Ditto on the headwinds. When I lived in the SC area, I rode up that way a few times after MTB training rides for extra mileage. Generally there was a moderate headwind while traveling northbound, but as an added bonus there was a nice tailwind on the ride home. Food and water is somewhat hit and miss, so grab what you can in Davenport on the way out or pack what you need. Cars aren't much of a concern since the HWY is plenty wide. Regarding time, I haven't a clue. It's been quite a while unfortunately. Take pics and post back about the ride


----------



## Creed (Apr 3, 2003)

*good ride*

Its a good ride, I've ridden that section of 1 numerous times and have rarely had trouble with vehicles. That little store in Gazos is the place to stop on the way up, its a good ways out of town and you can get normal c-store stuff, I think you could also find water at ano nuevo, waddel creek, and the pigeon point lighthouse if you hunted around a little. The ride goes pretty fast, it's pretty flat (for this area) with a group of three decent riders we did the ride up in about 2.5 hours, (If I remember right) if I was by myself I'd add a good amount of time as we worked together most of it. Whatever you do go in the morning, on a normal day the wind will be calmer in the morning and then hopefully it will pick up throughout the day and push you all the way back in.
Good Luck and brings extra everything!


----------



## santacruz70 (Aug 16, 2003)

thxs everyone for the info. yea i have two 24 oz water bottles. i go and fill up in davenport and maybe bring a 12oz in my jersey along the way up? did u guys have any problem with flats on the way. ill bring two tubes just in case. looking forward to the views along the way. so lets say i start at 8am at wilder ranch. with lunch up there, taking pics and depending on your speed. it can take anywhere from 5-7 hrs RT right? 

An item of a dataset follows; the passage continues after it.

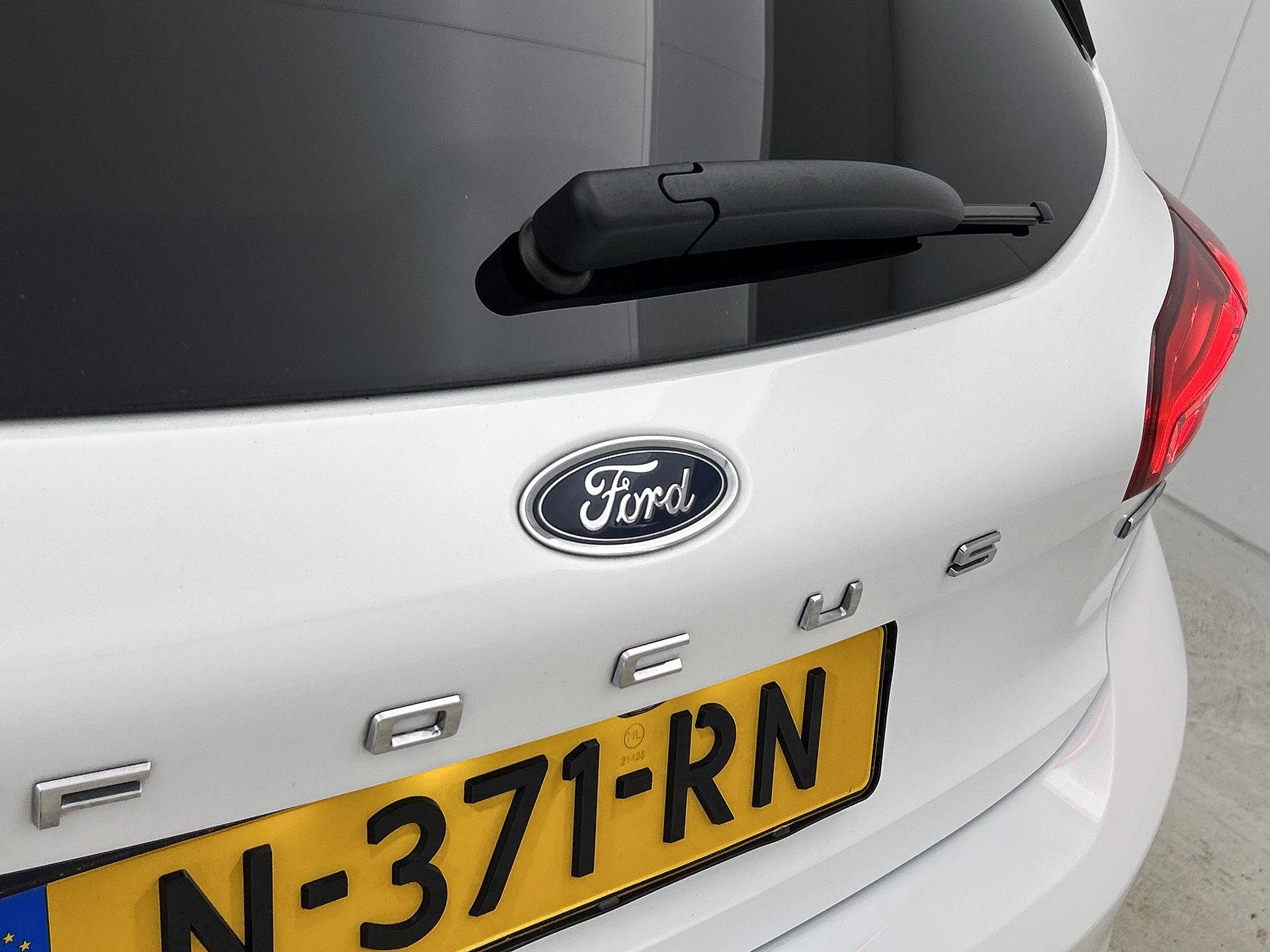 Ford Focus 1.0 EcoBoost Hybrid ST Line X Business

also do cell phones work out there in the middle of no where anyone tried????????

if u have anything else to add, please let me know.........like to do this by end of this month if possible and for sure ill post pics on this post.............

again thxs guys................


----------



## robwh9 (Sep 2, 2004)

Check this out:

http://pages.prodigy.net/scrandonneurs/SCRMossBeach.pdf

On page 4 is a listing of stores between Santa Cruz and Moss Beach. Or join us for the ride on the 17th - you have to pre-register though.


----------



## santacruz70 (Aug 16, 2003)

*ride*

thxs for the info, not sure if i can ride with the group, but like to try it with some friends.

thxs again...........


----------



## SesameCrunch (Nov 20, 2005)

It's a great ride. It'll be right around 100 miles round trip. There are places with water every 20 miles or so. Davenport, Gazos Creek, Pescadero, San Gregorio, HMB. Don't worry about that! Hwy 1 has cars, but the shoulder is wide, so no worries. Only 2 mild climbs (4-500ft) at Pescadero and San Gregario. The rest is just flat or rollers. Have fun!


----------



## johnny99 (Apr 2, 2004)

Cell phones mostly do not work along the coast between HMB and Santa Cruz. Be prepared to fix your own flat tires.


----------